## Task prompt
All of the data below should be set down again verbatim, without any images.

## Source data

==================================================

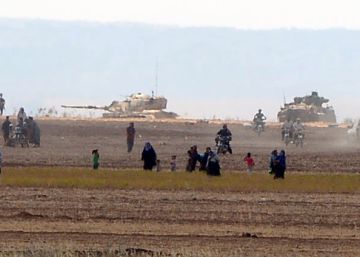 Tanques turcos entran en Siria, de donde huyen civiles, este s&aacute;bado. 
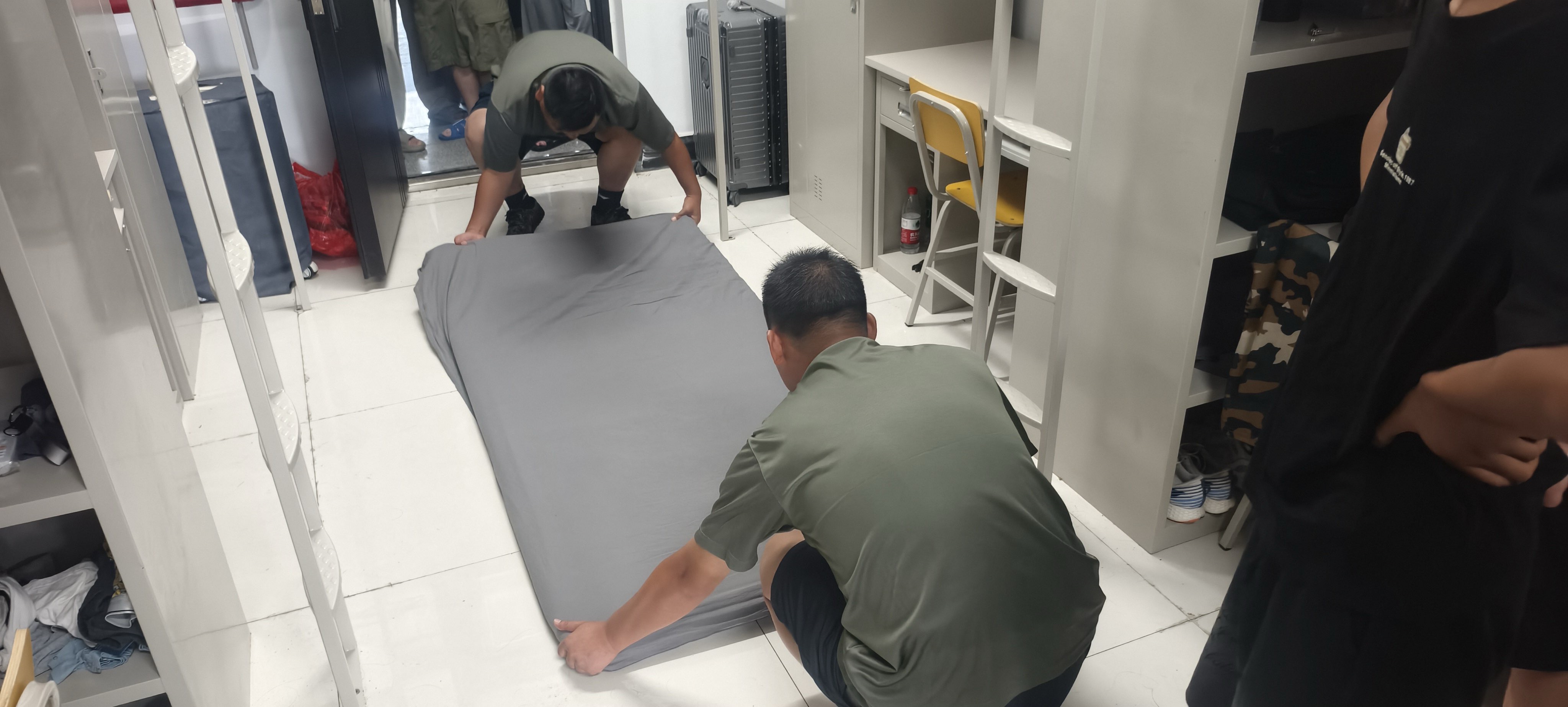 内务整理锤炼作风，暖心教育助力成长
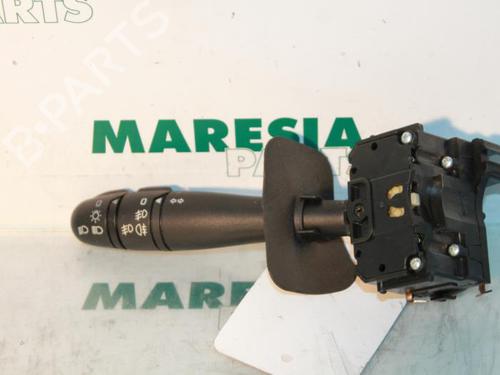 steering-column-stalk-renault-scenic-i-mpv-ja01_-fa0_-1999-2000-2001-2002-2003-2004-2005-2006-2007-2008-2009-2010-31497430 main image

==================================================

## Answer to the problem
 Tanques turcos entran en Siria, de donde huyen civiles, este s&aacute;bado. 
 内务整理锤炼作风，暖心教育助力成长
 steering-column-stalk-renault-scenic-i-mpv-ja01_-fa0_-1999-2000-2001-2002-2003-2004-2005-2006-2007-2008-2009-2010-31497430 main image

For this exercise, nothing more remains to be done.